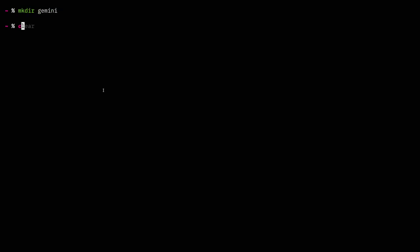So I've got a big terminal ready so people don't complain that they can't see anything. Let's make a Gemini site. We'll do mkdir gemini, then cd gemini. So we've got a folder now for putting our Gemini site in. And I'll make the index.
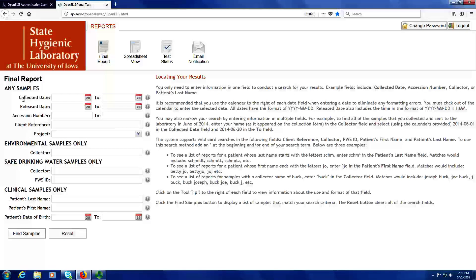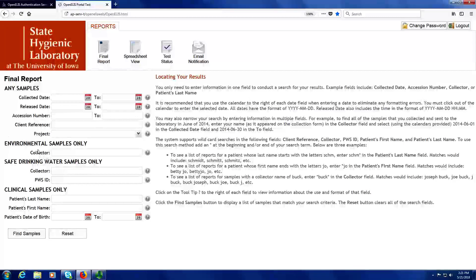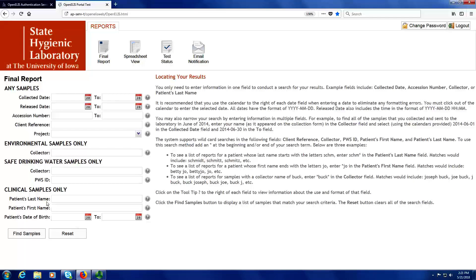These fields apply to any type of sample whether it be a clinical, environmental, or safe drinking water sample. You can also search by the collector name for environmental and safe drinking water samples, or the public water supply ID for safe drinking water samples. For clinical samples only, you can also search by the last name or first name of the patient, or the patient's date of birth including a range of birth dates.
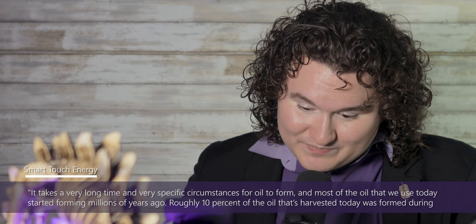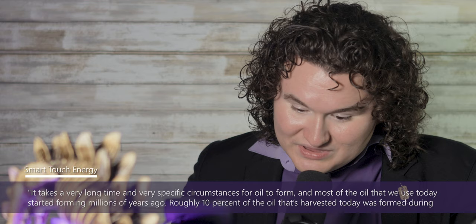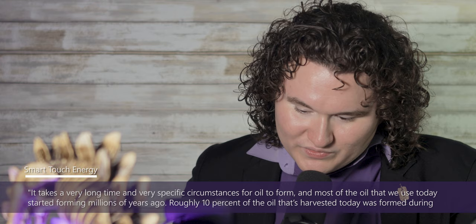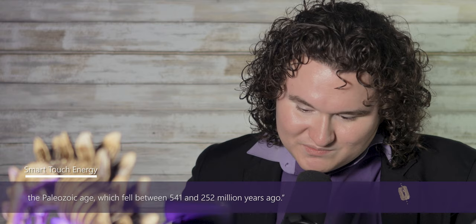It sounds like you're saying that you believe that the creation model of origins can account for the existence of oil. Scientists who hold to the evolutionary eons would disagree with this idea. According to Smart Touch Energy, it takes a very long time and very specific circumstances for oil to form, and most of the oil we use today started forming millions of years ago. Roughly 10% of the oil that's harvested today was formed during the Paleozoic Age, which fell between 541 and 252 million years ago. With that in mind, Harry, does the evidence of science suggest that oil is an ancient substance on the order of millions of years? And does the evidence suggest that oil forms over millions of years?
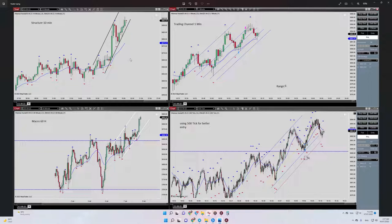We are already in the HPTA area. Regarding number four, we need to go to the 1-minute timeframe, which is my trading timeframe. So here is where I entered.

---

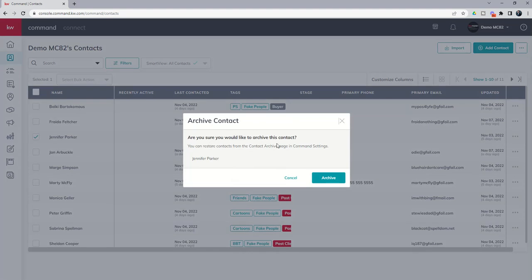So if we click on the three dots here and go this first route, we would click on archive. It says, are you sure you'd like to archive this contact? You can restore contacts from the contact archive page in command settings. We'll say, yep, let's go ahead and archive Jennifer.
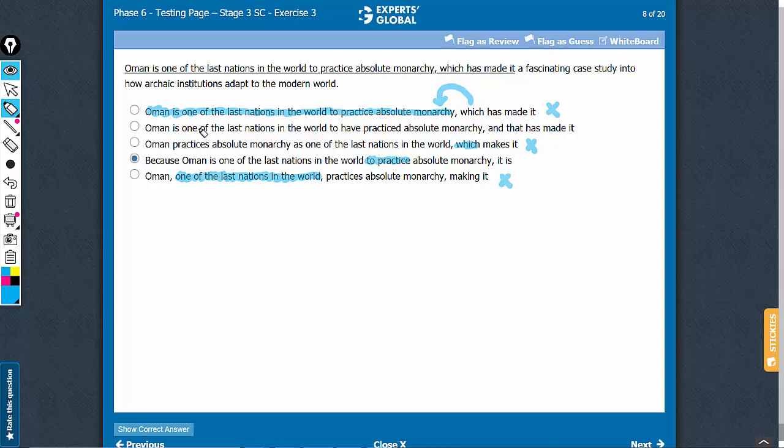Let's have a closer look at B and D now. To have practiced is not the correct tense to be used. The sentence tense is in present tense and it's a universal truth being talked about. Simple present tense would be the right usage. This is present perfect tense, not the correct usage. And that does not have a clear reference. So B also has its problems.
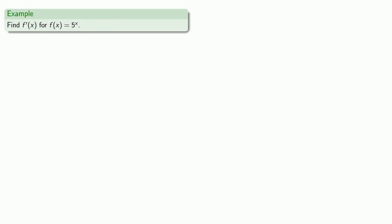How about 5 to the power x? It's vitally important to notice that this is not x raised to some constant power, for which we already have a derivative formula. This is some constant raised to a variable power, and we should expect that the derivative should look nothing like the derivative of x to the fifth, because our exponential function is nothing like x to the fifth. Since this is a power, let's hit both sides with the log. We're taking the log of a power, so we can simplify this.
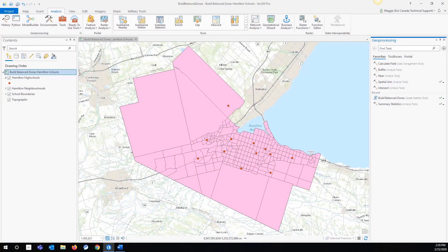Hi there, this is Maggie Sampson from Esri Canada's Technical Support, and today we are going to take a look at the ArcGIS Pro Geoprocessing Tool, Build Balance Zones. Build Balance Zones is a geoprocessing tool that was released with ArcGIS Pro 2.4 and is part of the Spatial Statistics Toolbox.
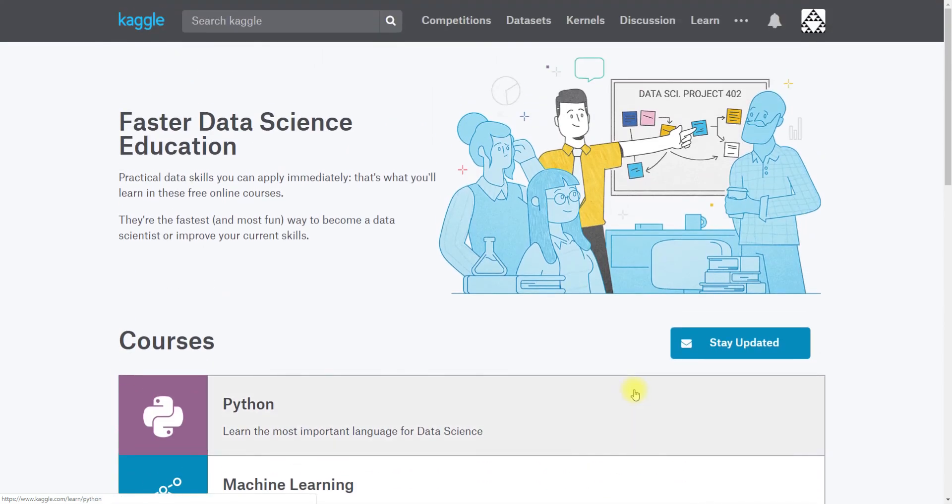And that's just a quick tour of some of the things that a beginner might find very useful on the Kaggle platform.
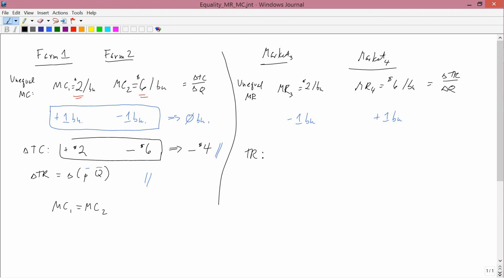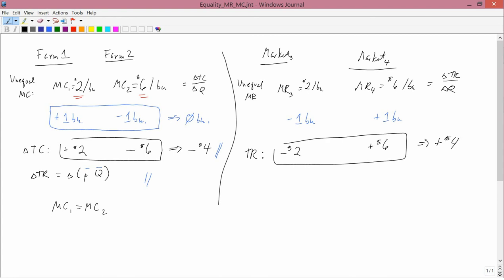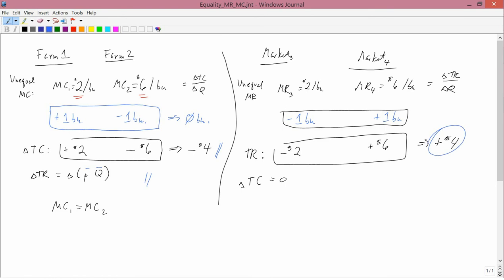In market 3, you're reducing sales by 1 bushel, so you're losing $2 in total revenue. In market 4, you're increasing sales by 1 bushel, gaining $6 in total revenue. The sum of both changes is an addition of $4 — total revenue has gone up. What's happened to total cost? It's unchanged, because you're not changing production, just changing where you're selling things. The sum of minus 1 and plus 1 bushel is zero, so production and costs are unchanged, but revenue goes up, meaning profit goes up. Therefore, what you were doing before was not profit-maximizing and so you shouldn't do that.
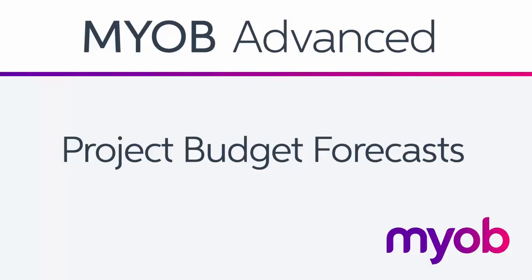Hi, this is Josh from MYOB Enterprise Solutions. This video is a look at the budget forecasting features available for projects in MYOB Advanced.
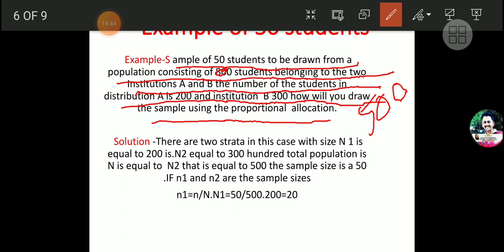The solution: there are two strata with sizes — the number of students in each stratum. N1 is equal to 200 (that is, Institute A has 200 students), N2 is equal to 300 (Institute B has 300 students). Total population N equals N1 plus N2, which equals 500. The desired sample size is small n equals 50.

THE TASK:
Using the material above, reproduce only the lines that run from the line with "It sounds like" up to and including the line with "We are already", exactly, with the pictures dropped.

TASK RESULT:
It sounds like you're saying that you believe that the creation model of origins can account for the existence of oil. Scientists who hold to the evolutionary eons would disagree with this idea. According to Smart Touch Energy, it takes a very long time and very specific circumstances for oil to form, and most of the oil we use today started forming millions of years ago. Roughly 10% of the oil that's harvested today was formed during the Paleozoic Age, which fell between 541 and 252 million years ago. With that in mind, Harry, does the evidence of science suggest that oil is an ancient substance on the order of millions of years? And does the evidence suggest that oil forms over millions of years?
We are already in the HPTA area. Regarding number four, we need to go to the 1-minute timeframe, which is my trading timeframe. So here is where I entered.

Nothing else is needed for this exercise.